When enabling Supervisor with AVI load balancer and NSX, the process gets stuck at "Configured Supervisor Control plane VM's Workload Network".
In the Supervisor nodes, the workload network interface (eth1) is not configured. As a result, 1 out of 3 CoreDNS pods is in CrashLoopBackOff, and the other 2 are Pending.
# kubectl get pods -A
NAMESPACE NAME READY STATUS RESTARTS AGE
kube-system coredns-84787595bc-88gqg 0/1 CrashLoopBackOff 21 (2m55s ago) 71m
kube-system coredns-84787595bc-ntpqv 0/1 Pending 0 71m
kube-system coredns-84787595bc-wf7bt 0/1 Pending 0 71m
READY column value is empty.
# kubectl -n kube-system get virtualnetworkinterfaces
NAME READY AGE
vif-vm-1038 70m
vif-vm-1039 65m
vif-vm-1040 65m
One nsx-ncp pod is Running in the FIP Supervisor node, but it does not produce any useful error messages.
# kubectl -n vmware-system-nsx get pods
NAME READY STATUS RESTARTS AGE
nsx-ncp-7b47d9cf67-cmfv9 2/2 Running 3 (93m ago) 106m
nsx-ncp-cb55775b5-ctjpl 0/2 Pending 0 3s
vSphere Kubernetes Service - vSphere 8U3
NSX Networking Stack with AVI LoadBalancer configured
The nsx-ncp pod entered Restore mode and did not return to Normal mode, which caused workload network segment creation to stop.

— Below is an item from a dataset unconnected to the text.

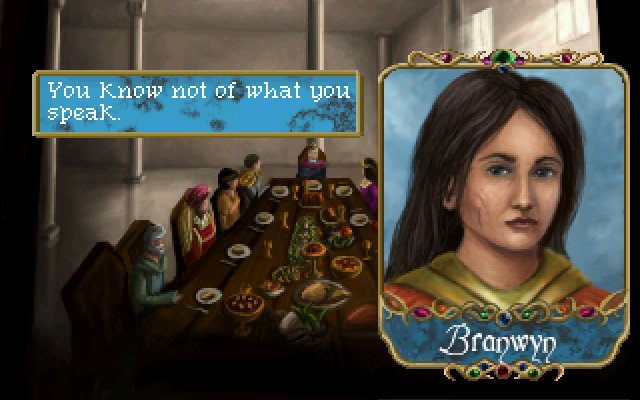 Tale of Two Kingdoms – Deluxe Edition, A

This issue occurs in environments that use both AVI and NSX, if the NSX Manager has been restored previously.
Switch the nsx-ncp pod from Restore mode to Normal mode.
1. Log in to the Supervisor node via SSH
Follow the KB: Troubleshooting vSphere Supervisor Control Plane VMs
2. Get restored_end_time from NSX Manager via API
NSX_FQDN=<NSX_MANAGER_FQDN>
NSX_PASS=<NSX_MANAGER_PASSWORD>
RESTORE_END_TIME=$(curl -ks -u admin:"${NSX_PASS}" -X GET https://${NSX_FQDN}/api/v1/cluster/restore/status | jq -r .restore_end_time)
echo $RESTORE_END_TIME
#> 1754697444409
3. Patch nsx-restore-status
kubectl patch ncpconfig nsx-restore-status --type='merge' -p "{\"metadata\":{\"annotations\":{\"restore_end_time\":\"${RESTORE_END_TIME}\"}}}"

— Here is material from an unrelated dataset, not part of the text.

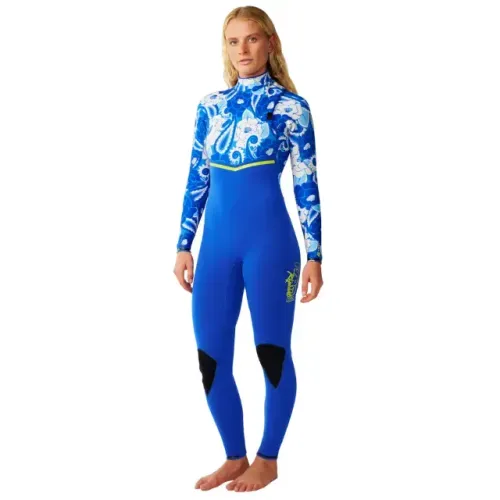 Long John Farm x Rip Curl EXCLUSIVO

4. Restart the nsx-ncp pod manually
kubectl -n vmware-system-nsx delete pod nsx-ncp-xxxxxxxxx
# Check
kubectl -n vmware-system-nsx get pods
#> NAME READY STATUS RESTARTS AGE
#> nsx-ncp-cb55775b5-np2tg 0/2 Pending 0 7s
#> nsx-ncp-cb55775b5-vxj9v 2/2 Running 0 44s
4. Workload Network IF will be created successfully. The Supervisor Enablement process will also be resumed.
kubectl get virtualnetworkinterfaces -n kube-system
#> NAME READY AGE
#> vif-vm-1038 True 179m
#> vif-vm-1039 True 175m
#> vif-vm-1040 True 175m